Why is that, you ask? Well it’s a combination of factors, really. Of course, testosterone is one factor but there are others. Expense being one (good mechanics don’t come cheap but are worth every penny), scheduling being another (“Sorry, I have to work on the car today” is a great reply to the wife asking “Want to go to the grocery store with me?”). Finally, there is that sense of accomplishment a man experiences when the job is done. And when that job is also done right --- boy oh boy -- he can even experience PRIDE along with accomplishment.
Thus, the reason that I look forward to changing the oil or doing some minor mechanical work on one of my “classics” (classics being used very liberally in this instance).

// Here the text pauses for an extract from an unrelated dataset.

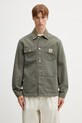 Carhartt WIP Michigan Coat kurtka bawełniana męska zielony I034787.3MA4O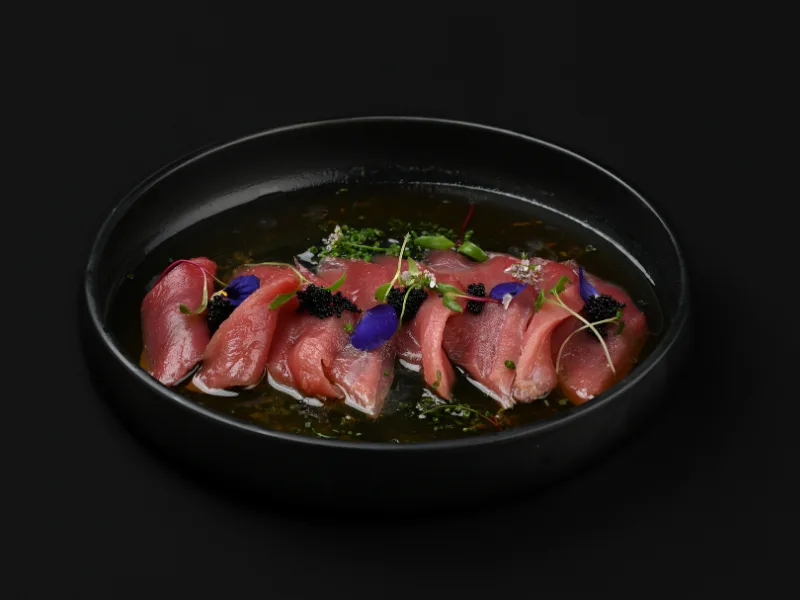Carpaccio Thon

We are all aware that we live in an age of complex car components and hard-drives under the hood. Because of that, man’s ability to even do a simple oil change has been jeopardized. And that’s why I drive my simpler vehicles (the other reasons being the aforementioned children, spending money and those trips to the grocery store). Simply stated, these vehicles allow me to hang onto a bit of my automotive autonomy.
Take my pickup for instance: it’s been around since the early 1990s, the odometer reads 200,000-plus miles and I have been married to it, I mean together with it, longer than I have my wife. Anyway, not only am I the sole owner, driver and defender and friend of the pickup but I am also the sole mechanic, and have been for a few years now.
And as the sole mechanic, I must say I am very proud of the fact that the pickup still starts when you turn the key (and jiggle the wires under the hood, and say a little prayer and sometimes beat the dash).
Perhaps more importantly than starting though, is the fact that the pickup most always stays running while in motion. And that, my friends, is where the sense of accomplishment and pride come together in a beautiful combination. Sort of like the combination of driving with one foot on the gas and the other on the brake (which is another automotive skill that I have mastered).
What a sweet thing it is to fire up that pickup’s engine, get out, slam the hood shut and slip back behind the steering wheel, knowing that, with my own two hands, a roll of electrical tape and blood, sweat and tears, I have kept it running for yet another trip to the trash dumpster and back. Yes, it is sweet indeed; like the sweet aroma of antifreeze leaking out under the dash.
But even sweeter still are those moments spent under the hood (where the antifreeze aroma is even stronger). In those moments when my work is done, my hands are greasy, my knuckles are bleeding, my tears have finally ceased and my anger has finally cooled, I realize just how very manly I am.
In those moments, I survey my mechanical labors and see, like a glorious lemon, the automotive fruits of all my labor.